### Assignment
Copy word for word the lines of the records below, beginning at the one with "Seal stamp engraved" and finishing at the one with "a small kitchen", ends included, but none of the pictures.
▶
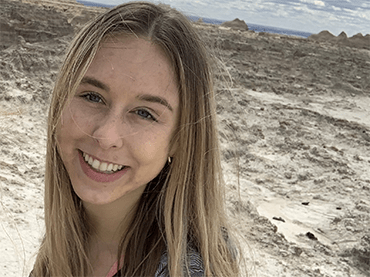Allison poses at the base of a natural rock archway in Arizona.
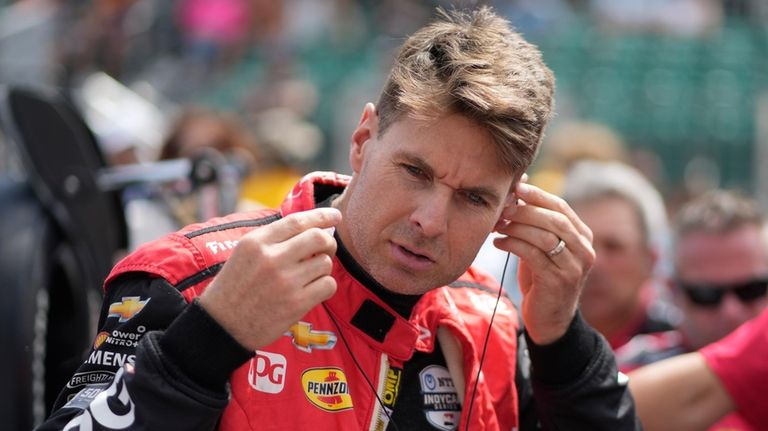 Will Power, of Australia, prepares to drive during qualifications for...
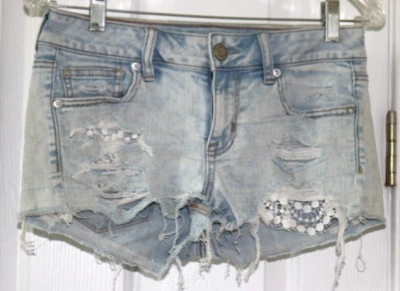 Women's Jean Shorts American Eagle Shortie Super Stretch White Lace Pockets Sz 4 - Image 1 of 4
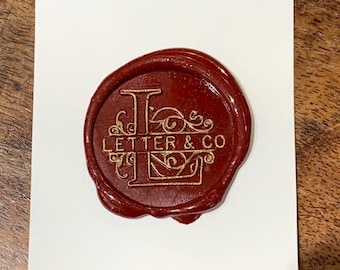 Seal stamp engraved with name and large background letter initial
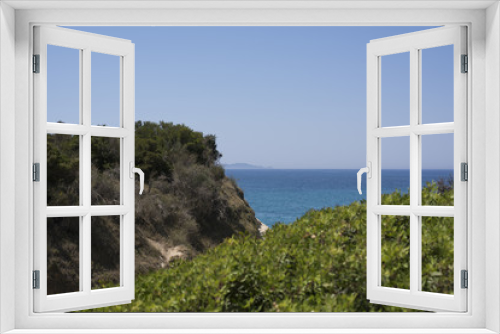 Fototapeta Naklejka Na Ścianę Okno 3D - View of the beautiful blue sea of Corfu in Greece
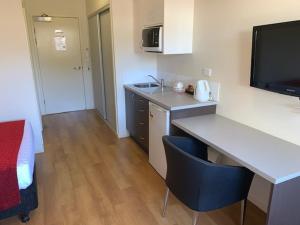 a small kitchen with a desk and a room with a bed at Weipa Motel Resort in Weipa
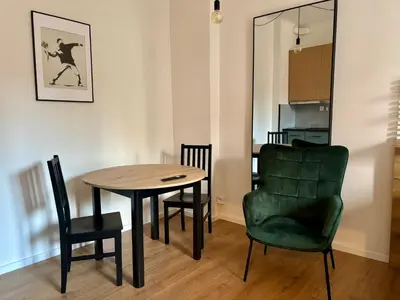 a dining room with a table and a green chair at Urban Studio - Tram Stop at Your Door, Metro 5-min Walk in Prague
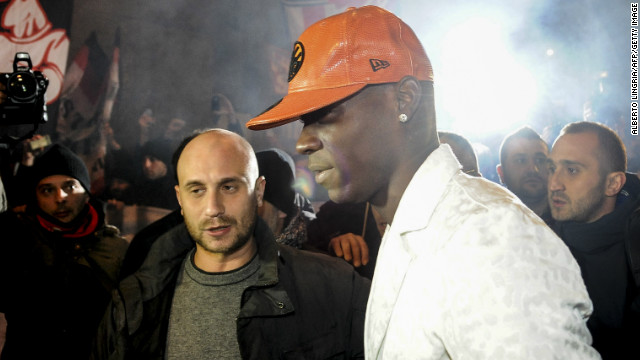 Mario Balotelli was mobbed by fans outside a restaurant as he returned home to Italy ahead of completing his reported $30 million move tom AC Milan from Manchester City.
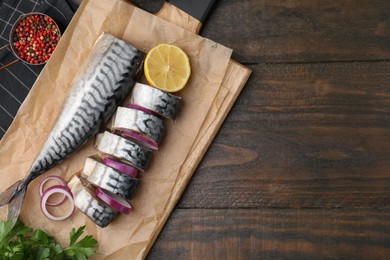 Photo of Tasty salted mackerel, onion and lemon on wooden table, flat lay. Space for text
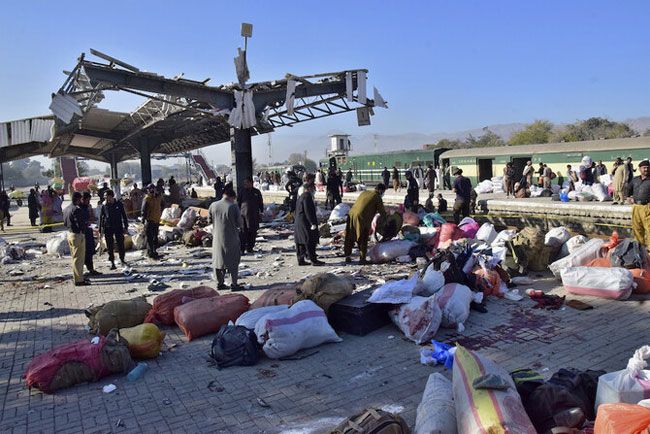 At least 24 killed in Pakistan train station bomb blast, police say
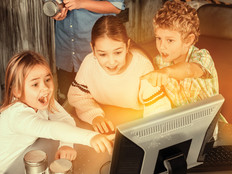 Students excited about innovation and collaboration on computer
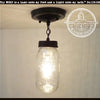 Mason jar ceiling light fixture with chain, quart-sized jar, and dark bronze finish.
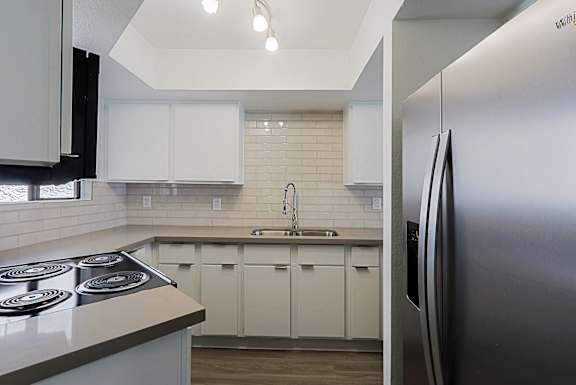 A modern kitchen with white cabinets and a stainless steel refrigerator.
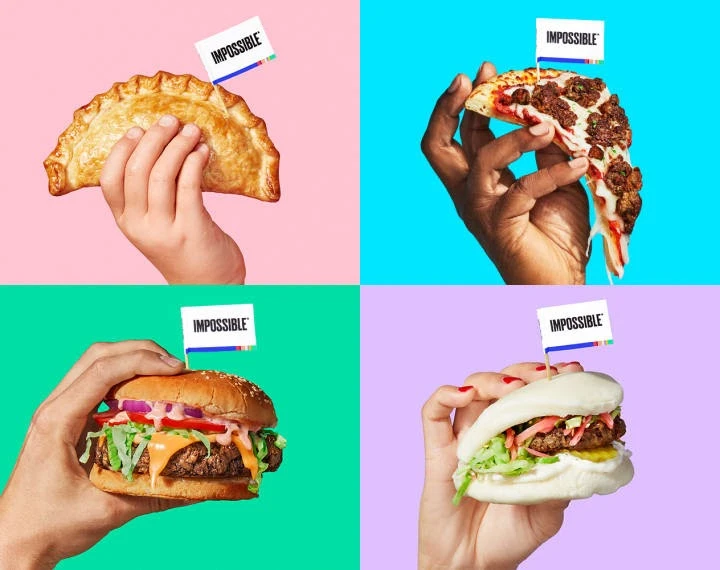 Hands holding Impossible Pizza, Impossible Burger, Impossible Bao, Impossible Empanada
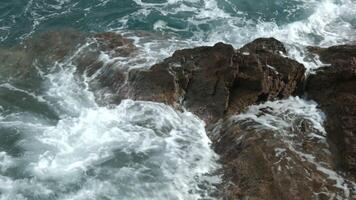 Beautiful view of the sea beating against the rocks.Creative.Beautiful large mountains on which there are houses located next to the undulating sea video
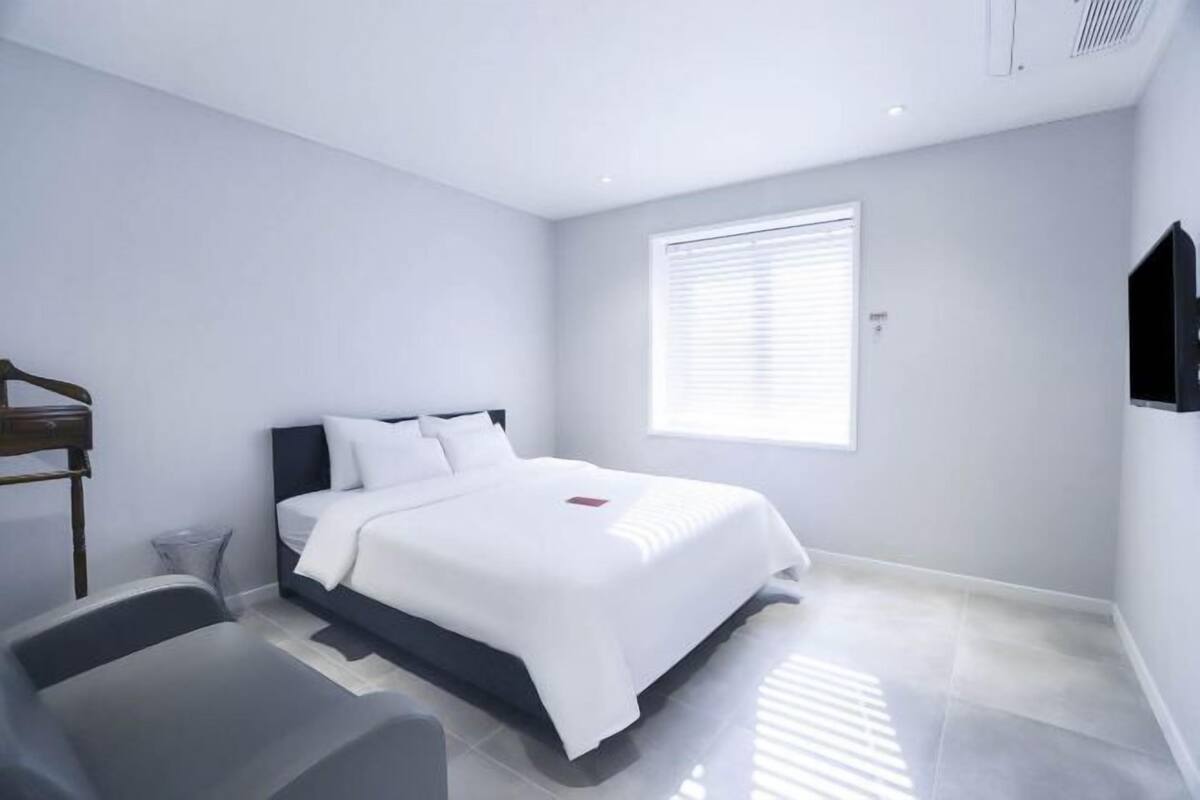 Premium bedding, blackout drapes, soundproofing, WiFi (free)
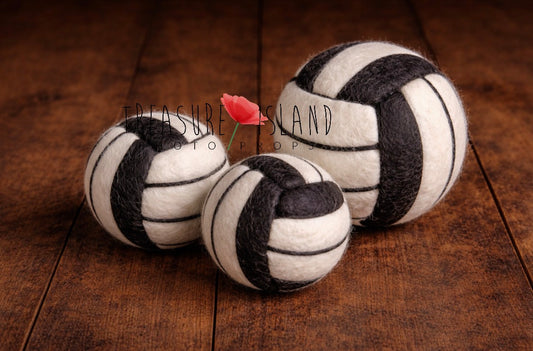 Hand-felted black and white volleyball balls in three sizes for newborn and sitter photography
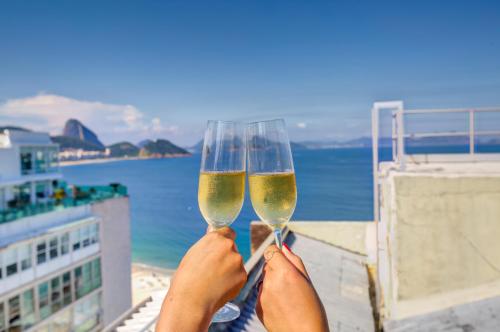 a person holding up two glasses of wine at Rio Design Copacabana Hotel in Rio de Janeiro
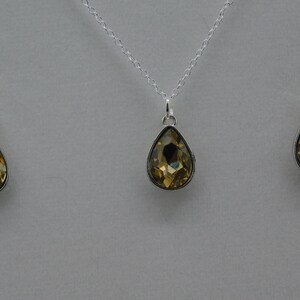 May include: A gold teardrop pendant necklace and matching earrings. The pendant and earrings are set with clear faceted stones.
◀
### Completed task
 Seal stamp engraved with name and large background letter initial
 Fototapeta Naklejka Na Ścianę Okno 3D - View of the beautiful blue sea of Corfu in Greece
 a small kitchen with a desk and a room with a bed at Weipa Motel Resort in Weipa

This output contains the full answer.